Dit vinden we terug in artikel 15 en artikel 16 van het Wet minimumloon en minimumvakantiebijslag.
- De werknemer heeft jegens de werkgever recht op een vakantiebijslag ten minste tot een bedrag van 8% van zijn ten laste van de werkgever komende loon alsmede van de uitkeringen waarop hij tijdens de dienstbetrekking krachtens de Ziektewet, hoofdstuk 3, afdeling 2, paragraaf 1 of de artikelen 4:2b of 6:3 van de Wet arbeid en zorg en de Werkloosheidswet aanspraak heeft, met dien verstande, dat het bedrag waarmede de som van dit loon en deze uitkeringen het drievoud van het minimumloon overschrijdt buiten beschouwing blijft.
- Behoudens het bij het tweede, derde en vierde lid bepaalde kan bij publiekrechtelijke regeling of collectieve arbeidsovereenkomst worden bepaald, dat de werknemer geen recht heeft op vakantiebijslag dan wel recht heeft op een lager bedrag aan vakantiebijslag dan uit artikel 15 voortvloeit.
(…) 5. Ingeval het door de werkgever en werknemer overeengekomen loon het drievoud van het minimumloon overschrijdt, kan ook bij schriftelijke overeenkomst worden bepaald, dat de werknemer geen recht heeft op vakantiebijslag dan wel recht heeft op een lager bedrag aan vakantiebijslag.
Uitbetaling
Wat betreft de uitbetaling van de vakantietoeslag kun je het volgende lezen in artikel 17:
- De vakantiebijslag, waarop de werknemer over het loon en de uitkeringen krachtens de Ziektewet, hoofdstuk 3, afdeling 2, paragraaf 1 of de artikelen 4:2b of 6:3 van de Wet arbeid en zorg en de Werkloosheidswet, voor zover een en ander over het tijdvak tot en met 31 mei van het lopende jaar opeisbaar is geworden, recht heeft verworven, wordt behoudens het bepaalde in de volgende leden in de maand juni uitbetaald.
- Bij publiekrechtelijke regeling of schriftelijke overeenkomst kan ter zake van het tijdstip van uitbetaling van het eerste lid worden afgeweken, met dien verstande, dat uitbetaling ten minste eenmaal per kalenderjaar dient te geschieden.
- Bij het einde van de dienstbetrekking wordt aan de werknemer het bedrag aan vakantiebijslag uitbetaald, waarop hij op dat tijdstip recht heeft verworven.
Niet op loonstrook
In artikel 7:626, lid 1 en 2 BW lees je wat er op de loonstrook moet staan.

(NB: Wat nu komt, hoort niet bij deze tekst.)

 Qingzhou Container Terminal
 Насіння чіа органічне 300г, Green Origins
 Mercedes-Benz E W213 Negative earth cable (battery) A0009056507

De wettelijke minimumvakantiebijslag wordt daar niet vermeld. Lees meer in onderstaand bericht.
Aangifte loonheffingen
Je treft met de term ‘vakantiebijslag’ twee rubrieken aan in de aangifte loonheffingen:
- Vakantiebijslag. Dit is het bedrag dat de werknemer in het aangiftetijdvak daadwerkelijk aan vakantiebijslag heeft genoten. Vaak is dat 8% van het brutoloon.
- Opgebouwde recht vakantiebijslag. Dit is het bedrag dat de werknemer in elk aangiftetijdvak aan recht op vakantiebijslag opbouwt, ongeacht of je daarvoor daadwerkelijk reserveert of niet.
Boetes
Betaalt een werkgever zijn werknemers geen vakantietoeslag of een vakantietoeslag die minder is dan 8 procent van het minimumloon, dan bedraagt het boetenormbedrag minimaal € 250 en maximaal € 2.000. De boetebedragen zijn afhankelijk van het percentage van de onderbetaling.